- Opening Delimiter -
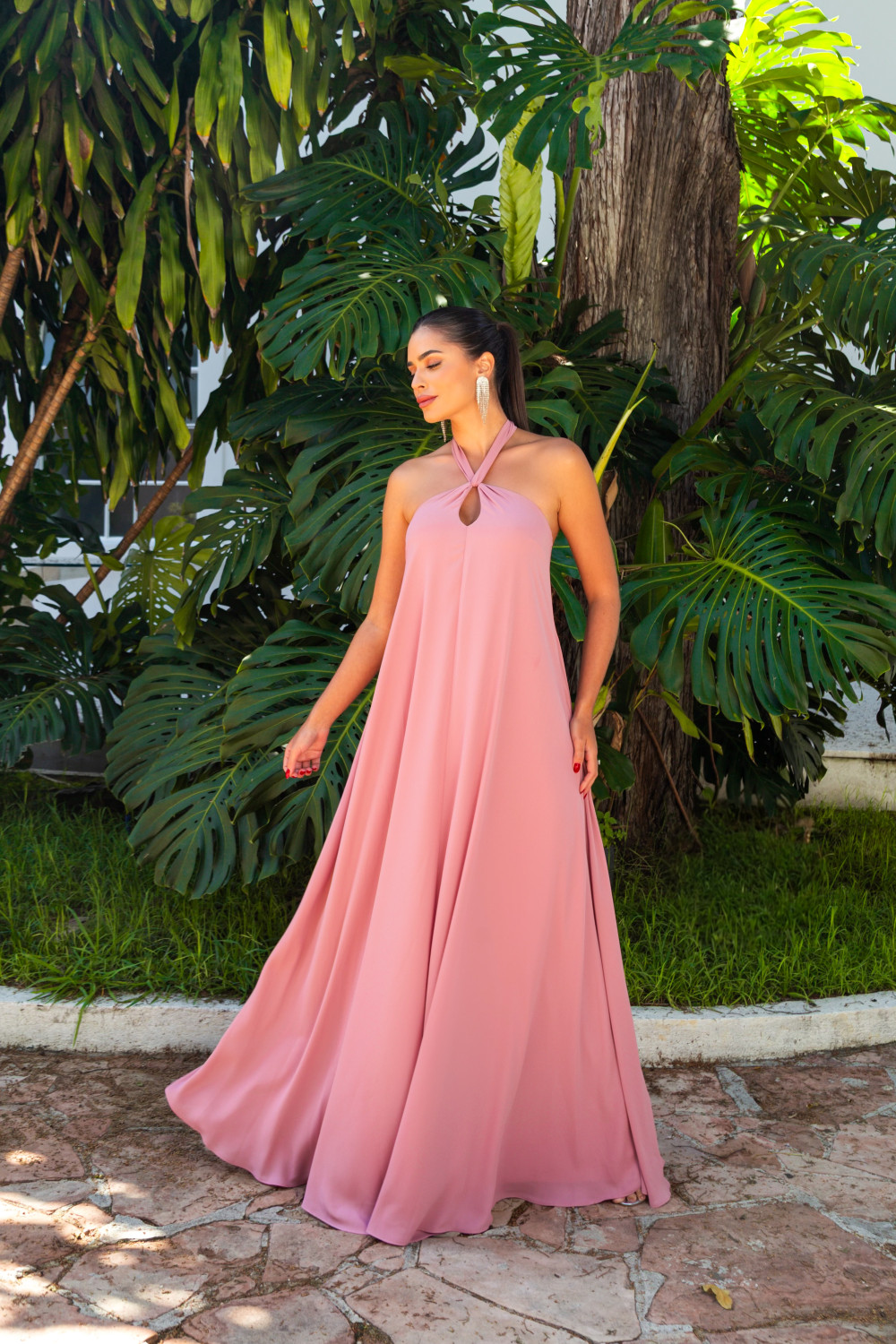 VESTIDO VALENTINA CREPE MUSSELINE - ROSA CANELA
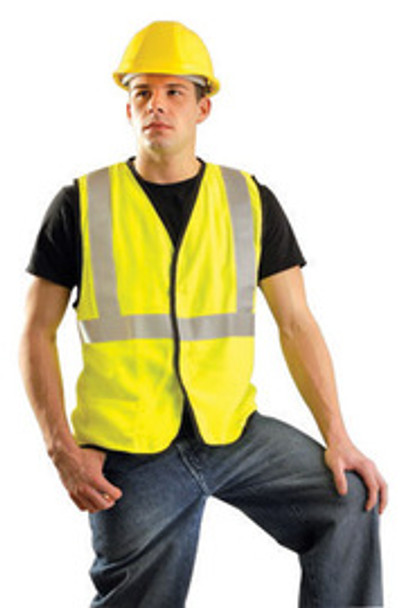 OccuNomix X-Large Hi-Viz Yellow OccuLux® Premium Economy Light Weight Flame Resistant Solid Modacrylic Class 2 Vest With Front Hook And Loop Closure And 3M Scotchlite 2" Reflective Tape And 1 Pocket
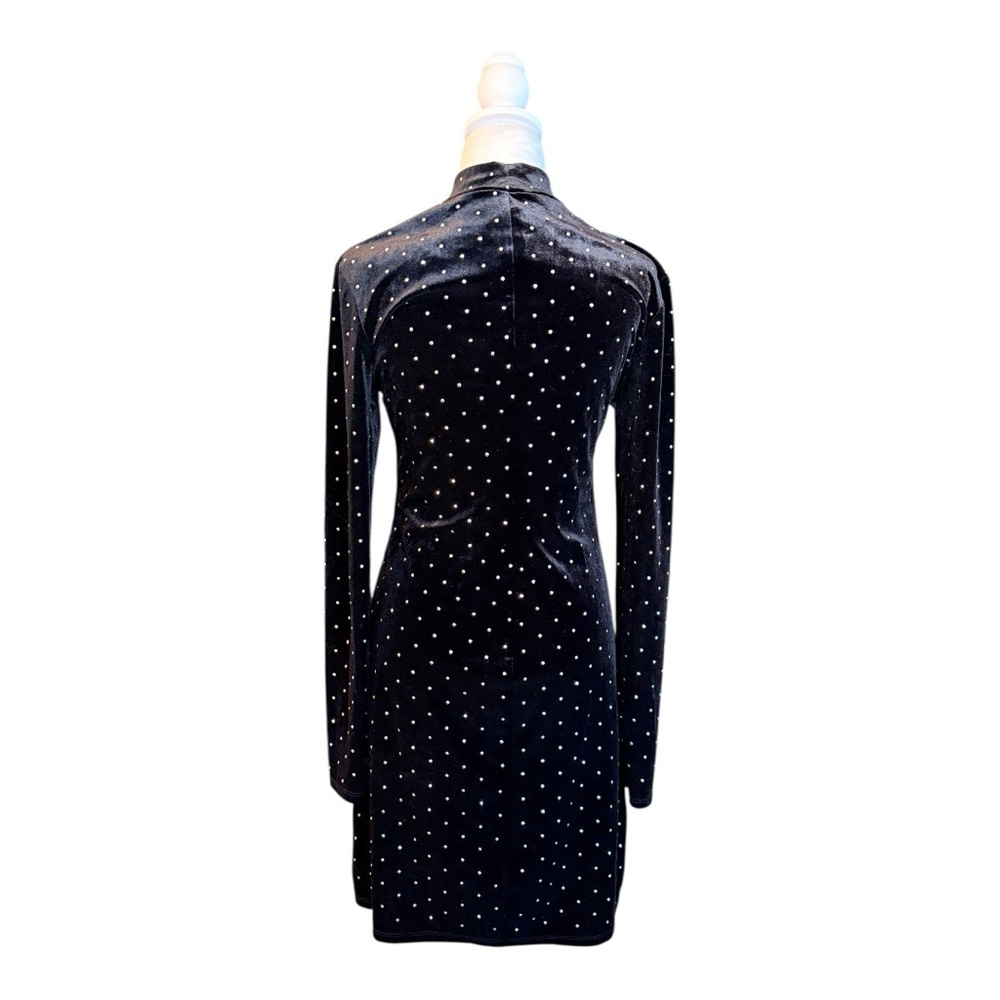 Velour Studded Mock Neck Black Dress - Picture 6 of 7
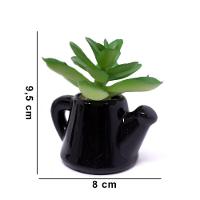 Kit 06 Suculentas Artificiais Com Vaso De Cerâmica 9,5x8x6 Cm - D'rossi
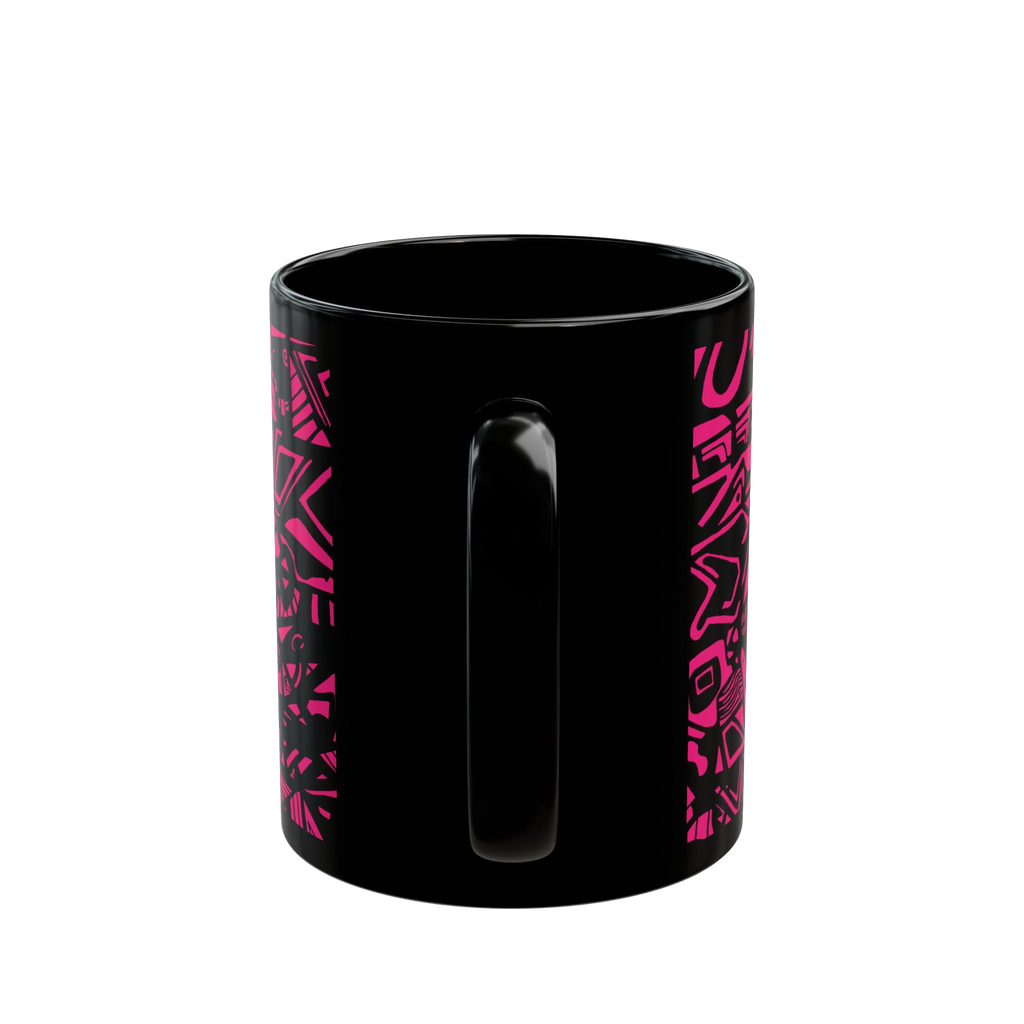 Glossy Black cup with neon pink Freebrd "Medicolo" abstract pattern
- Closing Delimiter -
- Opening Delimiter -
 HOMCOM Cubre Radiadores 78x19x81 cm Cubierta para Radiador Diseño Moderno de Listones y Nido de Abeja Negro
- Closing Delimiter -
- Opening Delimiter -
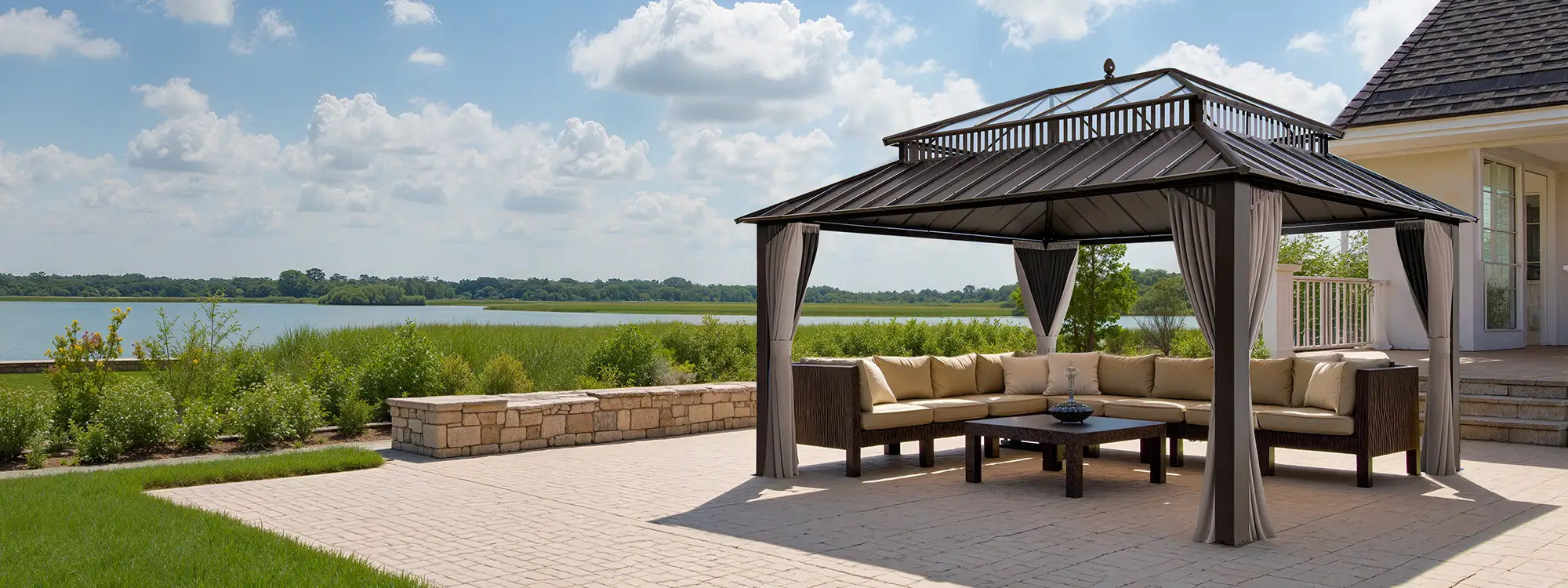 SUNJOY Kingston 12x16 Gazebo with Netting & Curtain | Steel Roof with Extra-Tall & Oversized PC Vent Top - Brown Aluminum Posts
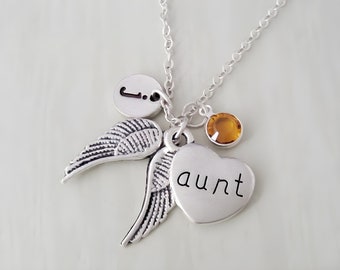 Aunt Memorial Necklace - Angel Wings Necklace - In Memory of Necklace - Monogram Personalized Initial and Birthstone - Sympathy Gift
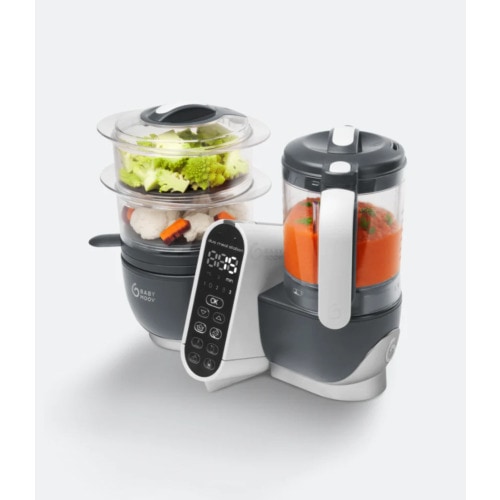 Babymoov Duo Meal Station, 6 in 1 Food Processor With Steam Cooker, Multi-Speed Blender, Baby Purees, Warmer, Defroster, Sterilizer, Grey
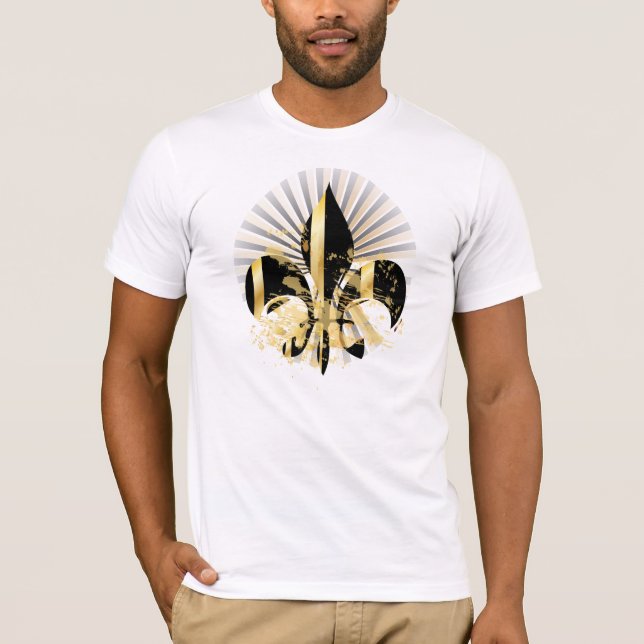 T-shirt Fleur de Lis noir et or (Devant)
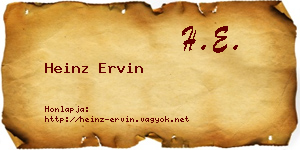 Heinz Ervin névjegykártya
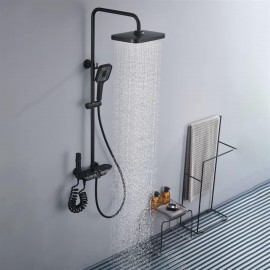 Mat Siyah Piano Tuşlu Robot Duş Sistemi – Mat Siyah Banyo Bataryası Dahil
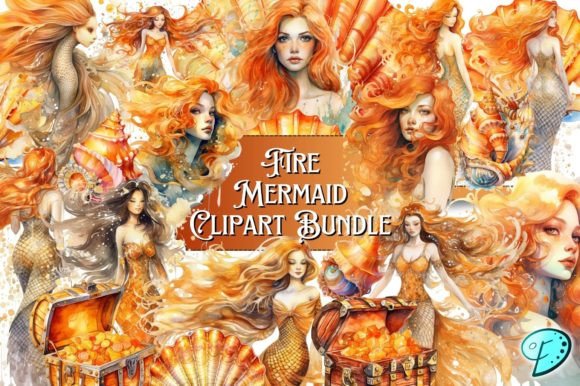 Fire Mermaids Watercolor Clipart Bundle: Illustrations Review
- Closing Delimiter -
▸ EXERCISE GOAL
In the records above, find the line with "Velour Studded Mock" and the line with "Glossy Black cup", then restate word for word only those two lines and all lines between, omitting pictures.

▸ EXERCISE OUTPUT
 Velour Studded Mock Neck Black Dress - Picture 6 of 7
 Kit 06 Suculentas Artificiais Com Vaso De Cerâmica 9,5x8x6 Cm - D'rossi
 Glossy Black cup with neon pink Freebrd "Medicolo" abstract pattern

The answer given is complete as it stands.